The Git Command Line
Git is simple to use. Just type git. Without any arguments, Git lists its
options and the most common subcommands.
$ git
git [--version] [--exec-path[=GIT_EXEC_PATH]]
[-p|--paginate|--no-pager] [--bare] [--git-dir=GIT_DIR]
[--work-tree=GIT_WORK_TREE] [--help] COMMAND [ARGS]
The most commonly used git commands are:
add Add file contents to the index
bisect Find the change that introduced a bug by binary search
branch List, create, or delete branches
checkout Checkout and switch to a branch
clone Clone a repository into a new directory
commit Record changes to the repository
diff Show changes between commits, the commit and working trees, etc
fetch Download objects and refs from another repository
grep Print lines matching a pattern
init Create an empty git repository or reinitialize an existing one
log Show commit logs
merge Join two or more development histories
mv Move or rename a file, a directory, or a symlink
pull Fetch from and merge with another repository or a local branch
push Update remote refs along with associated objects
rebase Forward-port local commits to the updated upstream head
reset Reset current HEAD to the specified state
rm Remove files from the working tree and from the index
show Show various types of objects
status Show the working tree status
tag Create, list, delete, or verify a tag object signed with GPG
For a complete (and somewhat daunting) list of git subcommands, type git help –all.
As you can see from the usage hint, a small handful of options apply
to git. Most options, shown as [ARGS] in the hint, apply to specific
subcommands.
For example, the option --version
affects the git command and produces a version
number.
$ git --version
git version 1.6.0
In contrast, --amend
is an example of an option
specific to the git subcommand commit.
$ git commit --amend
Some invocations require both forms of options. (Here, the extra
spaces in the command line merely serve to visually separate the
subcommand from the base command and are not required.)
$ git --git-dir=project.git repack -d
For convenience, documentation for each git subcommand
is available using git help
,
subcommand
git --help
or
subcommand
git
.subcommand
--help
Historically, Git was provided as a suite of many simple, distinct,
standalone commands developed according to the “ Unix toolkit”

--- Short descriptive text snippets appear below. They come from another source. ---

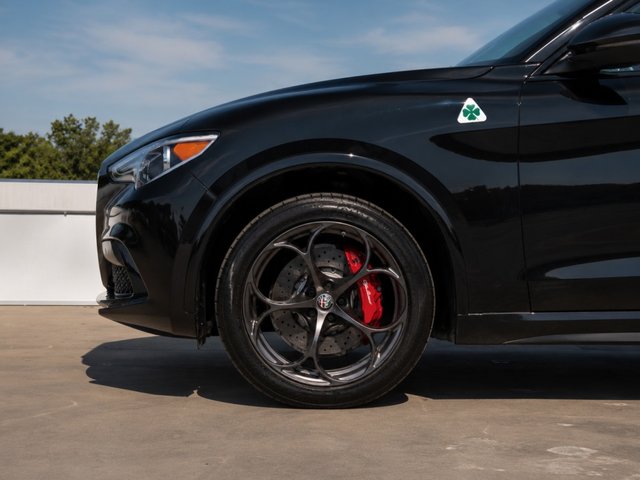 2022 Alfa Romeo Stelvio Quadrifoglio-7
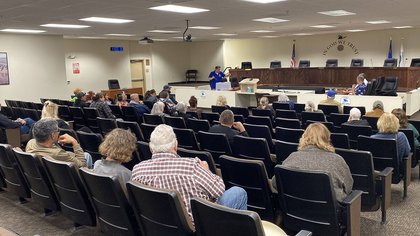 Horse road safety forum generates interest and ideas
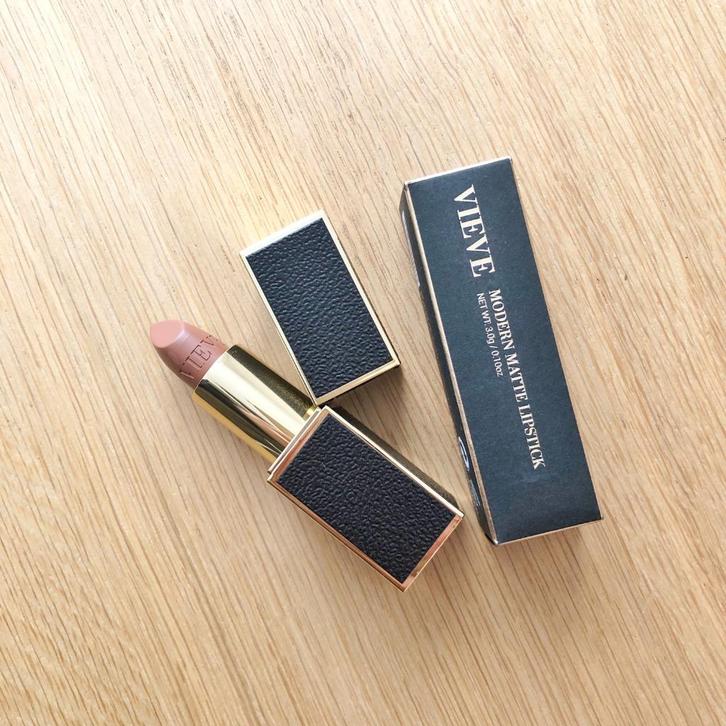 VIEVE Modern Matte Lipstick Ninetease, Sieraden, Tassen en Uiterlijk, Uiterlijk | Cosmetica en Make-up, Nieuw, Ophalen of Verzenden
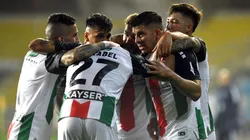 Los jugadores de Palestino festejan en la victoria por 2-1 ante Cruzeiro en Chile.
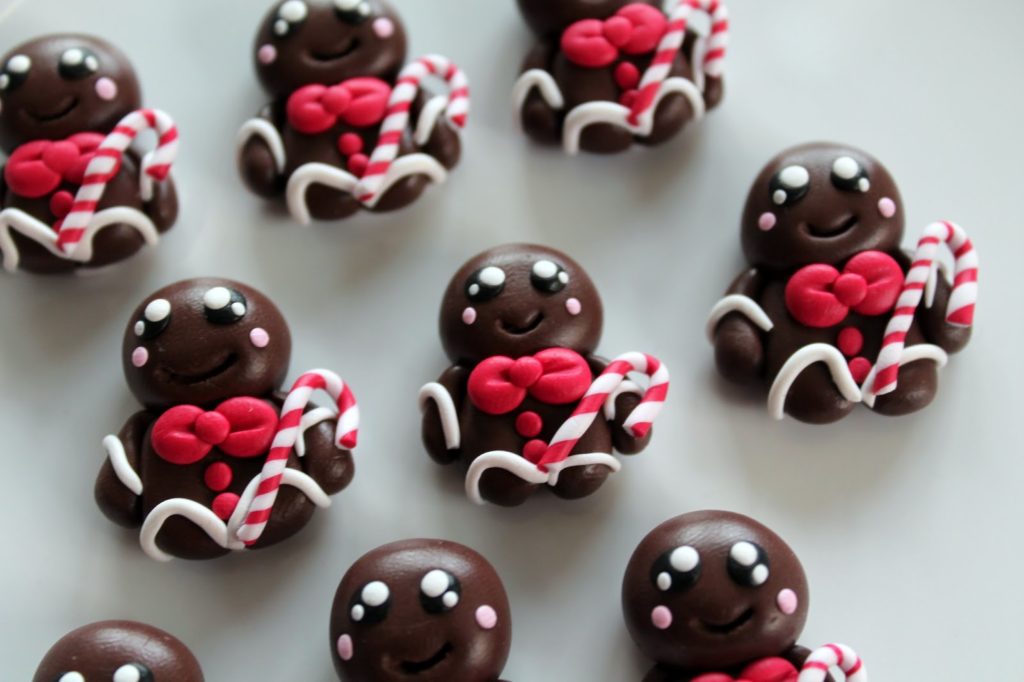 Fimo / Polymer Clay Lebkuchenmänner DIY, Basteln: Fimo / Polymer Clay Lebkuchenmänner und Zuckerstange in Schlüsselanhänger und Kettenanhänger - DIYCarinchen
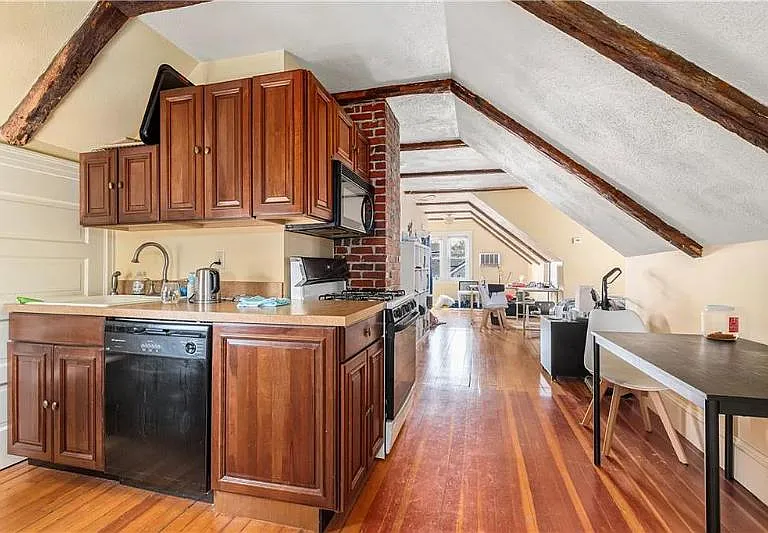 117 Elmgrove Ave #3 — Photo 1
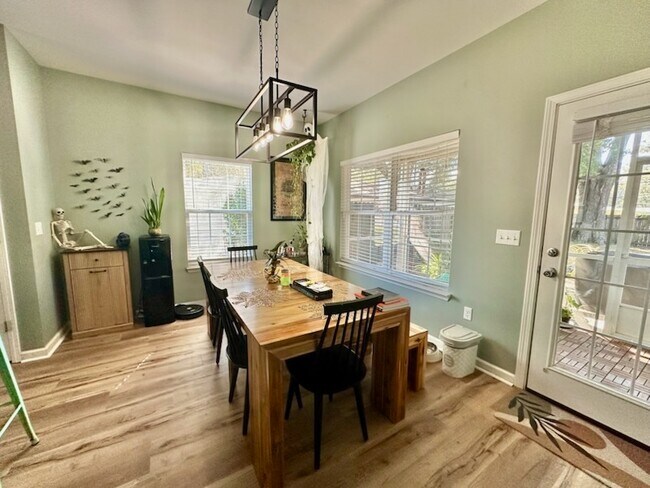 Foto del edificio - 349 Fir Ave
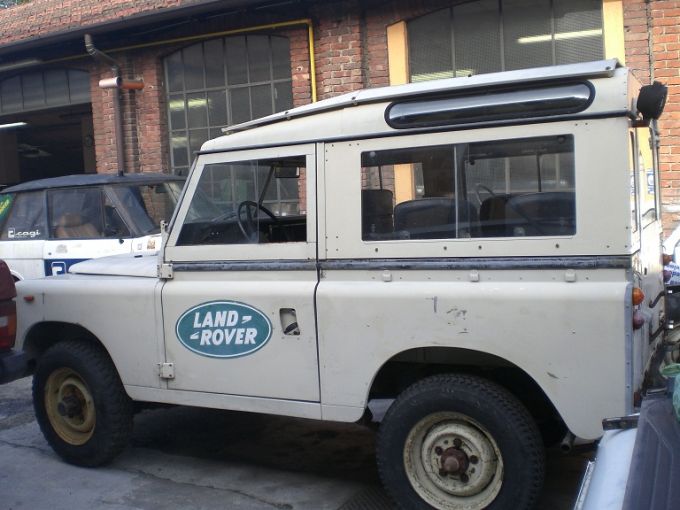 land-rover-88-series-3-1.jpg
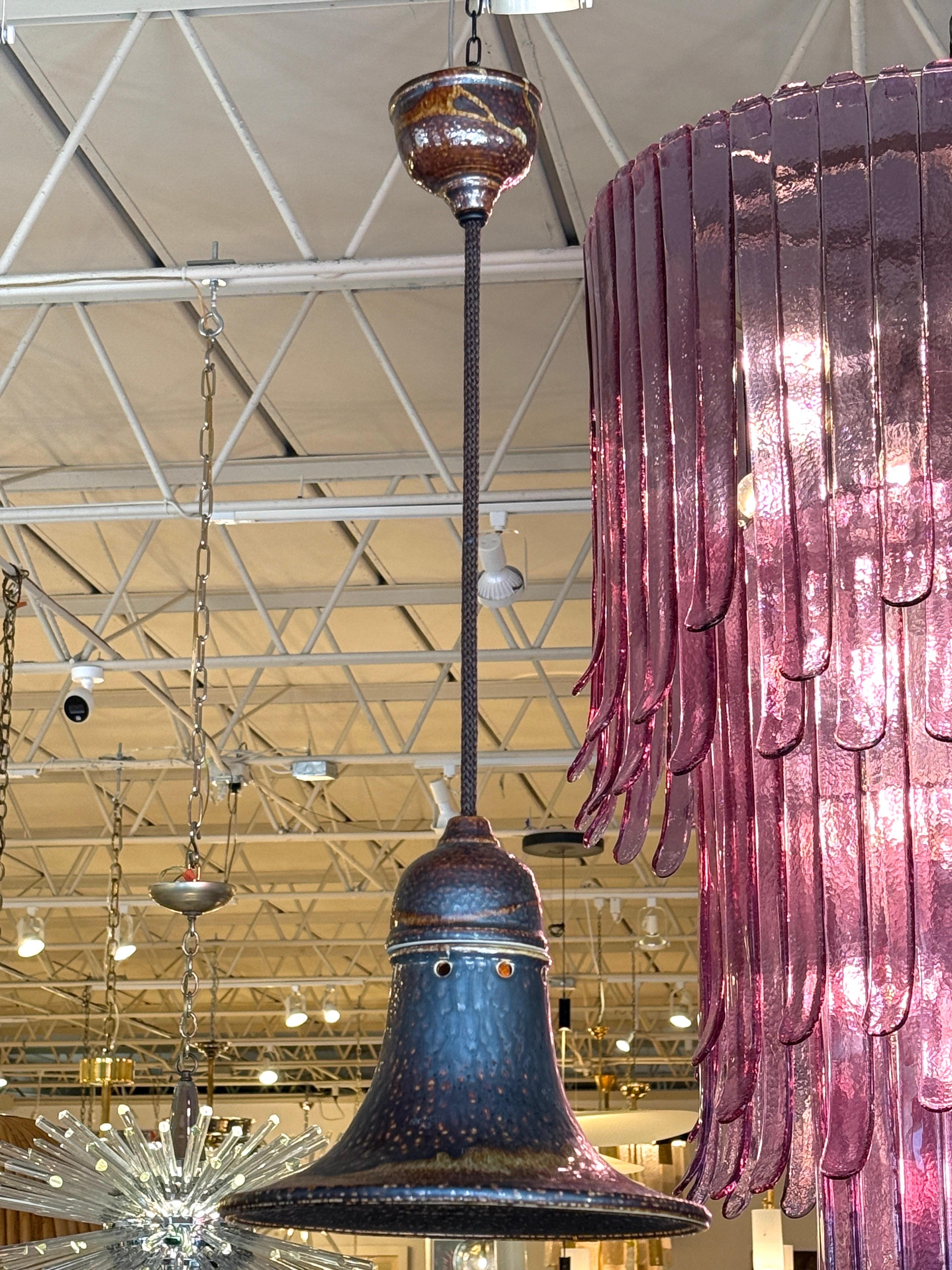 Lights pendantes suédoises en céramique en forme de cloche en vente 3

philosophy: build small, interoperable tools. Each command sported a
hyphenated name, such as git-commit and
git-log. However, modern Git
installations no longer support the hyphenated command forms and instead
use a single git executable with a
subcommand.
Note
You can visit http://www.kernel.org/pub/software/scm/git/docs/ to read
the complete Git documentation online.
Git commands understand both “ short” and
“ long” options. For example, the git
commit command treats the following examples as
equivalents.
$ git commit -m "Fixed a typo."
$ git commit --message="Fixed a typo."
The short form, -m
, uses a single hyphen, whereas
the long form, --message
, uses two. (This is consistent
with the GNU long options extension.) Some options exist only in one
form.
Finally, you can separate options from a list of arguments via the
“ bare double dash” convention. For instance, use the double
dash to contrast the control portion of the command line from a list of
operands, such as filenames.
$ git diff -w master origin -- tools/Makefile
You may need to use the double dash to separate and explicitly
identify filenames if they might otherwise be mistaken for another part of
the command. For example, if you happened to have both a file and a tag
named main.c, then you will get
different behavior:
# Checkout the tag named "main.c"
$ git checkout main.c
# Checkout the file named "main.c"
$ git checkout -- main.c
Quick Introduction to Using Git
To see git in action, let’s
create a new repository, add some content, and manage a few
revisions.
There are two fundamental techniques for establishing a Git
repository. You can either create it from scratch, populating it with an
existing body of work, or you can copy, or clone,
an existing repository. It’s simpler to start with an empty repository, so
let’s start there.
Creating an Initial Repository
To model a typical situation, let’s create a repository for
your personal website from the directory ~/public_html and place it in a Git
repository.
If you don’t have content for your personal website in ~/public_html, create the directory and place some simple content in
a file called index.html:
$ mkdir ~/public_html
$ cd ~/public_html
$ echo 'My website is alive!' > index.html
To turn ~/public_html or any
directory into a Git repository, run git
init:
$ git init
Initialized empty Git repository in .git/
Git doesn’t care whether you start with a completely empty
directory or if you start with a directory full of files. In either
case, the process of converting the directory into a Git repository is
the same.
To signify that your directory is a Git repository, the git init command creates a hidden directory,
called .git, at the top level of
your project. Whereas CVS and SVN place revision information in CVS and .svn subdirectories within each of your
project’s directories, Git places all its revision information in this
one, top-level .git directory. The
contents and purpose of the data files are discussed in more detail in
Inside the .git Directory of Chapter 4.
Everything in your ~/public_html directory remains untouched. Git considers it your project’s
working directory, or the directory where you
alter your files. In contrast, the repository hidden within .git is maintained by Git.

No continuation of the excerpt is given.